EDIT: eben gerade ist er sogar auf 52Mbs gefallen ... und das bei Armlänge Entfernung zum Router
das scheint wohl der billige WLAN Chip zu sein. die kann man tauschen, kein Problem - aber man benötigt einen Lenovo gebrandeten, da es eine BIOS / UEFI Sperre für ungebrandete WLANs gibt, sodass das Notebook dann nicht startet.

Also bleibt nur eine teurere WLAN Karte von lenvoo kaufen oder es mit einem BIOS Mod zu probieren ...


----------



## n0lie (30. September 2015)

oder zurück schicken   (hab ihn erst eine Woche) 
Was kostet so eine Wlan Karte ? und welche taugt etwas ? Wenn das nur 20 Euro sind, dann kauf ich mir lieber eine neue Wlan Karte, da ich ansonsten sehr zufrieden bin mit dem Laptop


----------



## norse (30. September 2015)

Auf an hieb hab ich erstmal kein laden gefunden, der die gebrandeten Karten anbietet ...
und auch keine FRU Liste zu finden zu dem Teil. ach man, das ist wieder mal enttäuschend!

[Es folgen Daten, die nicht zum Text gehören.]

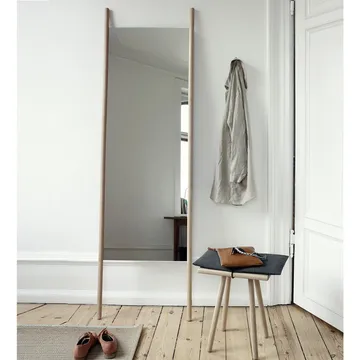 Georg floor mirror - Oak untreated - Fritz Hansen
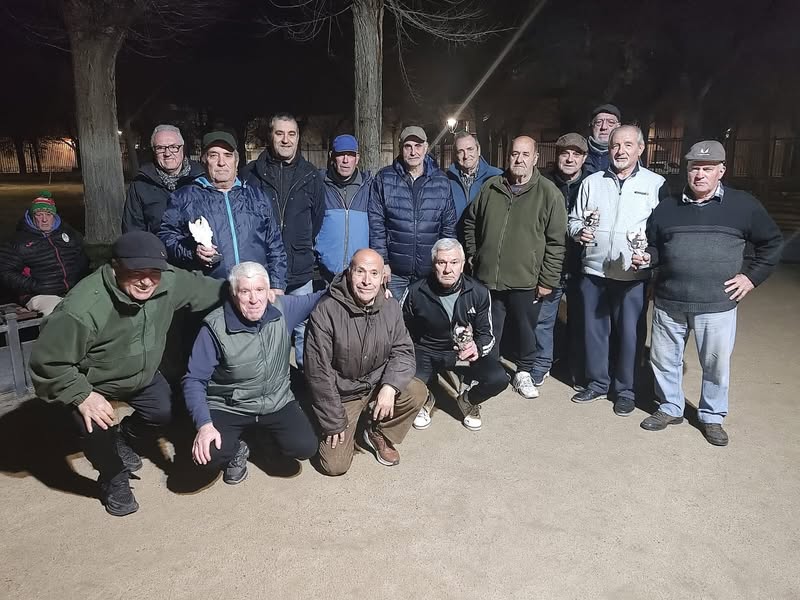 Campeonato de Petanca en Almagro: Miguel Paz y Francisco Parras ganan el torneo navideño 1 Campeonato de Petanca en Almagro: Miguel Paz y Francisco Parras ganan el torneo navideño - 610554017 18235966624305421 4524392378722285890 n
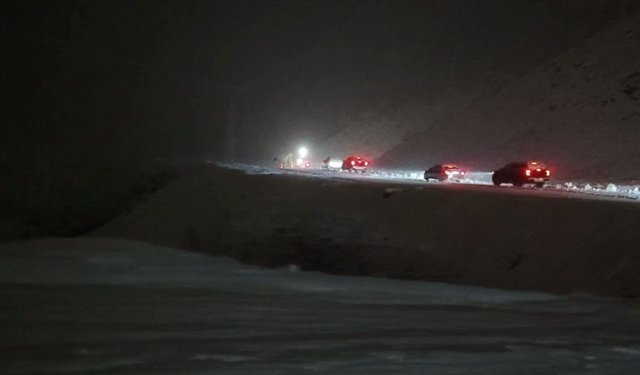 Pervari ve Şirvan'da kar yağışı köy yollarını kapattı, mahsur kalan araçlar kurtarıldı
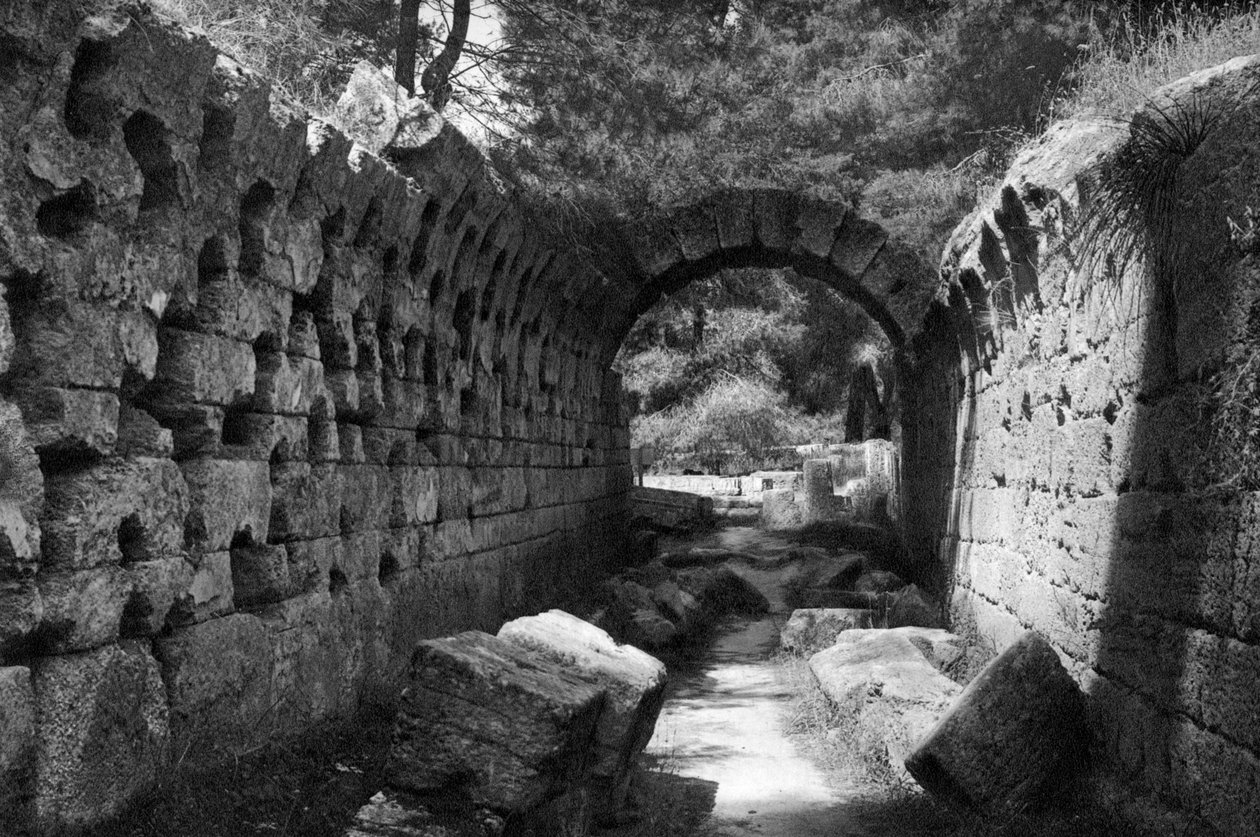 Entrée du stade, Olympie, Grèce, 1937 - Martin Hurlimann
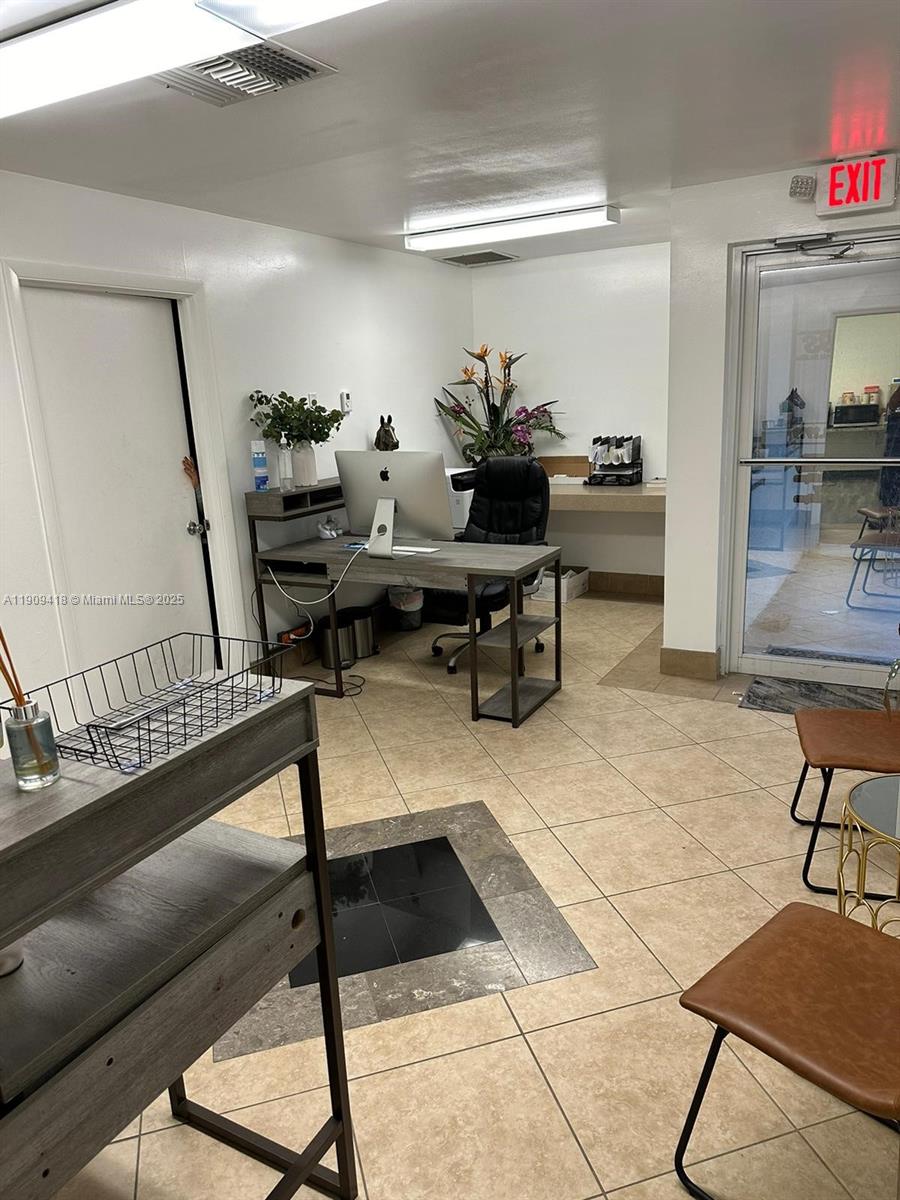 Ver detalles I / sq. ft. $ 2025-11-06 0 foto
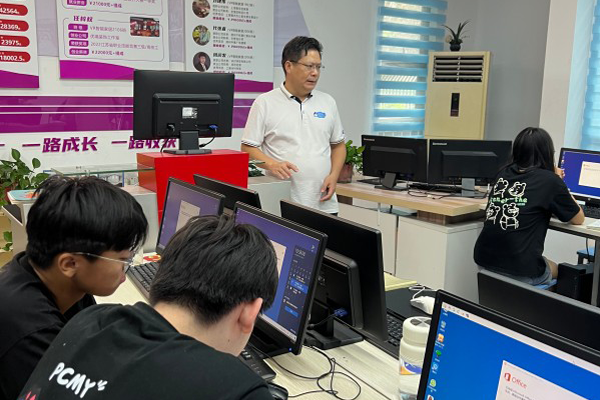 筑夢新崗位，啟航職場路 | 南京新華電腦開展就業(yè)指導(dǎo)宣講課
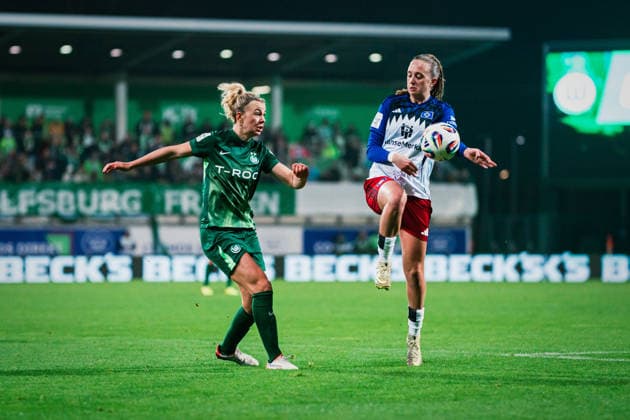 Google Pixel Frauen-Bundesliga: VfL Wolfsburg vs. Hamburger SV, 21.12.2025 Justine Kielland (VfL Wolfsburg, 18) gegen Victoria Schulz (Hamburger SV, 19); Fußball, Google Pixel Frauen-Bundesliga, 14. Spieltag: VfL Wolfsburg vs. Hamburger SV am 21.12.2025 im AOK Stadion, Wolfsburg DFB REGULATIONS PROHIBIT ANY USE OF PHOTOGRAPHS AS IMAGE SEQUENCES AND OR QUASI-VIDEO.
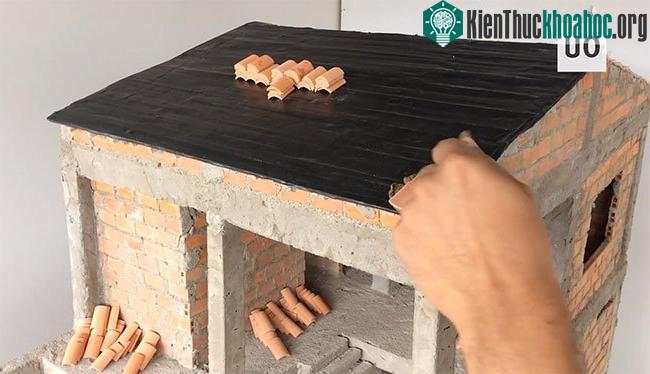 Mái gỗ đã đổ keo phủ nilong hoặc giấy dầu để chống thấm.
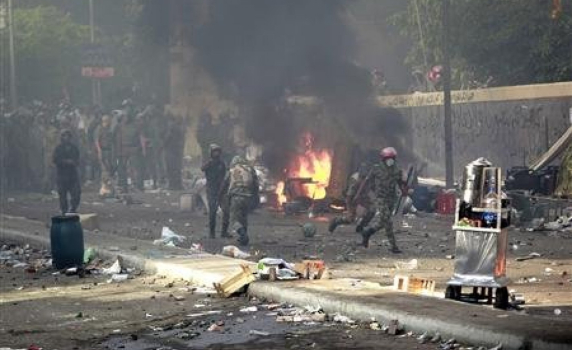 Двама убити, над 300 ранени при сблъсъците в Кайро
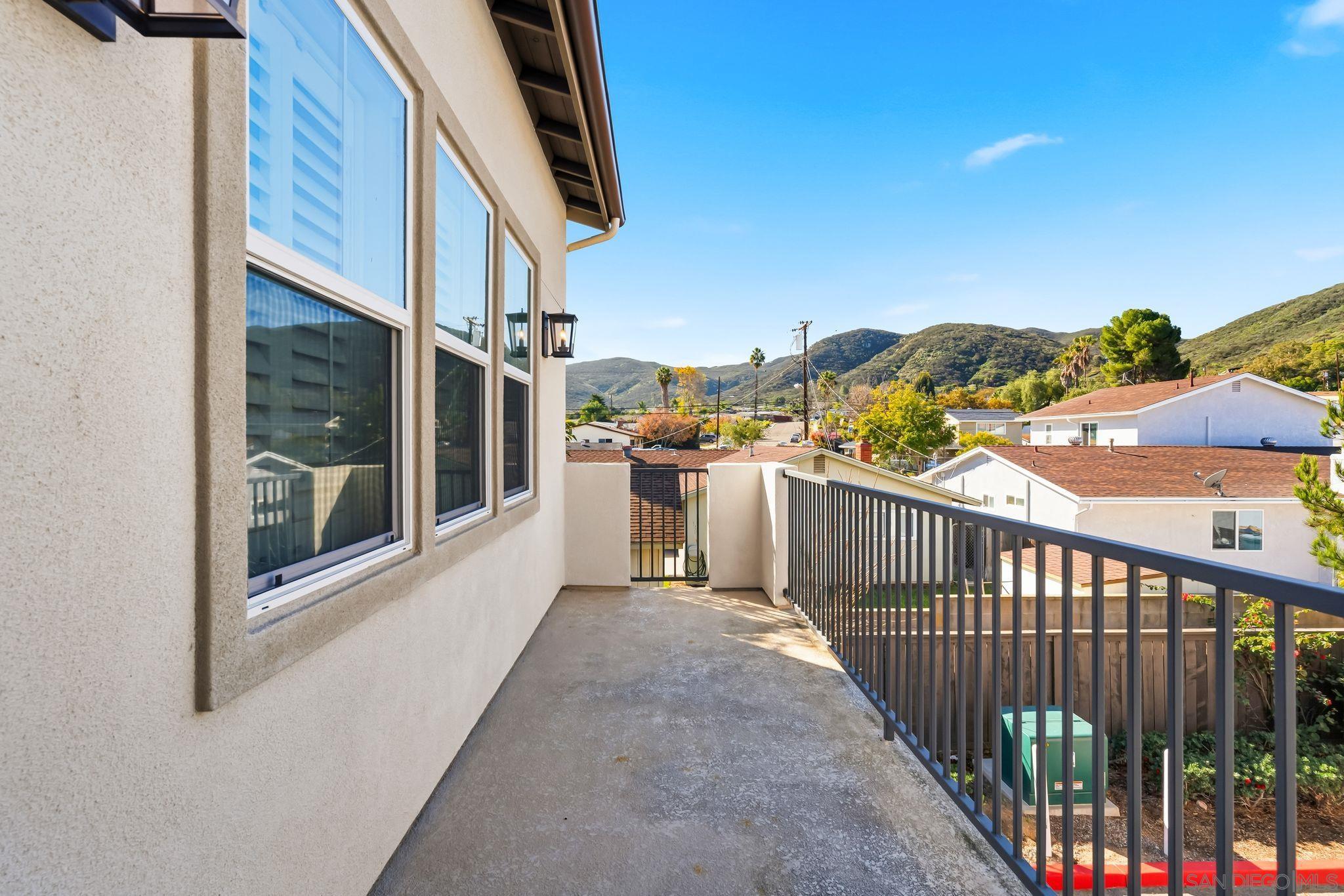 Detail Gallery Image 7 of 49 For 8691  Barbados Ln, Santee,  CA 92071 - 3 Beds | 3 Baths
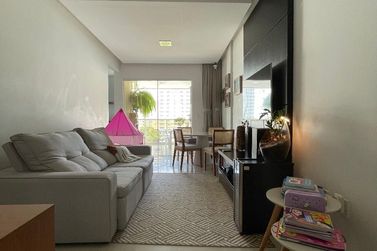 Apartamento &agrave; venda - 82m&sup2; - Meia Praia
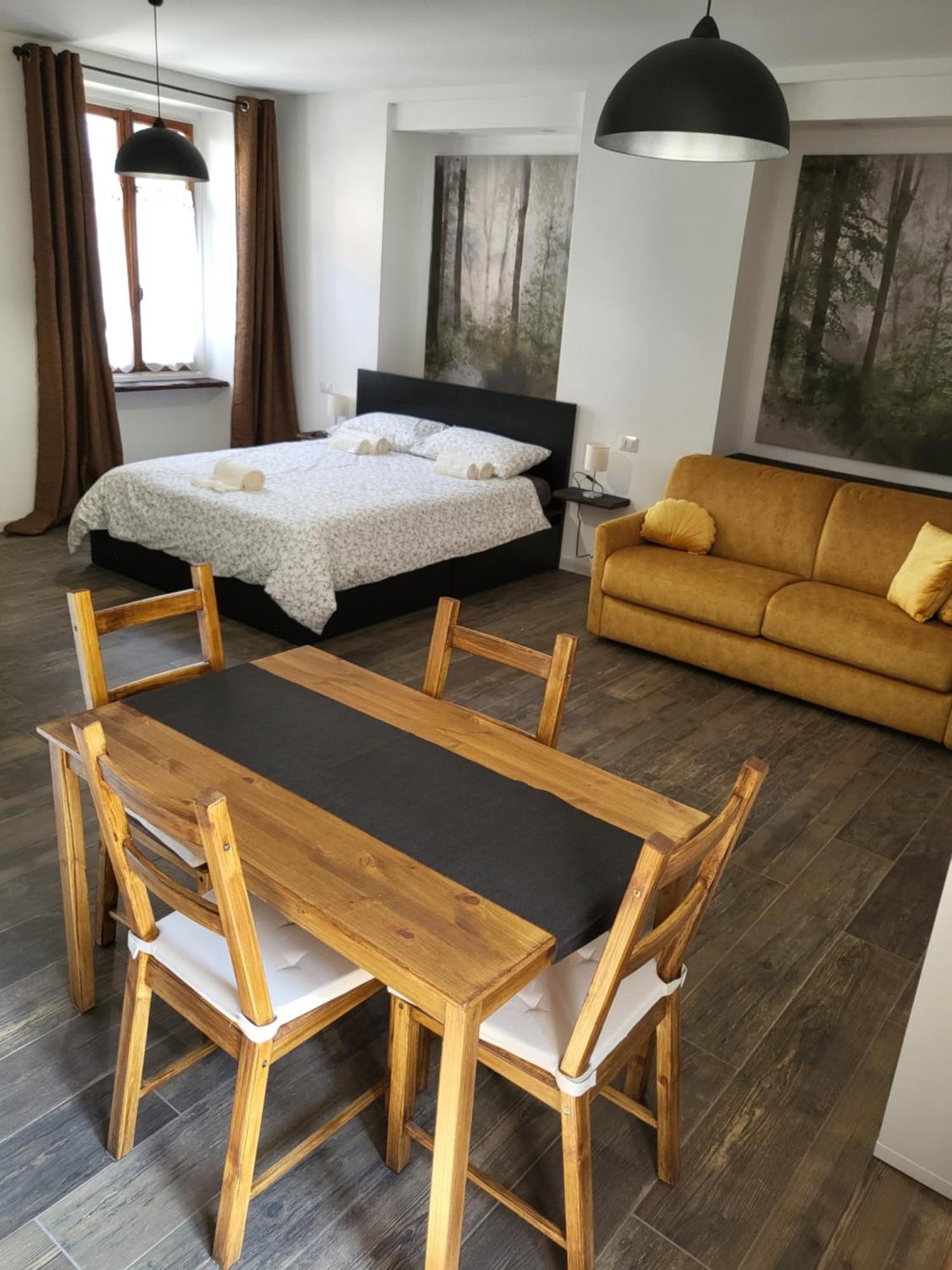 Alloggio Delizioso Domodossola Rooms المظهر الخارجي الصورة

Ein echt geiles Notebook - aber das geht garnicht

EDIT:

normal laufen alle Lenovo WLAN karten, ich teste gerade mal durch und geb dir glecih ein Feedback!

EDIT2:

Trotz HMM bekomm ich die Platte nicht ab unten -.- die sitzt so bombenfest, mag bei einem neuen Gerät das nicht gerade kaputt machen, aber nach meiner Recherche passen die Lenovo Karten alle.

eine FRU Wäre: 04X6011
IBM LENOVO THINKPAD WIRELESS N CARD FRU 04X6011 INTEL 7260 7260HMW-BN 20200556 | eBay
Amazon.com: Genuine OEM Lenovo Wireless LAN Intel 7260HMW FRU 04X6011: Computers & Accessories


----------



## n0lie (1. Oktober 2015)

Das blöde ist einfach das ich den Laptop wirklich günstig bekommen habe 799.... i7 4710, 860m,1000gb hdd, 8gb ram..
Wenn ich spontan was ähnliches finden würde für den Preis wäre das ja ok, aber ich finde nichts.
Und 300 Euro  mehr  für Wlan auszugeben was auch ein stick tun könnte.... Puhhh ich weiß ja nicht.


----------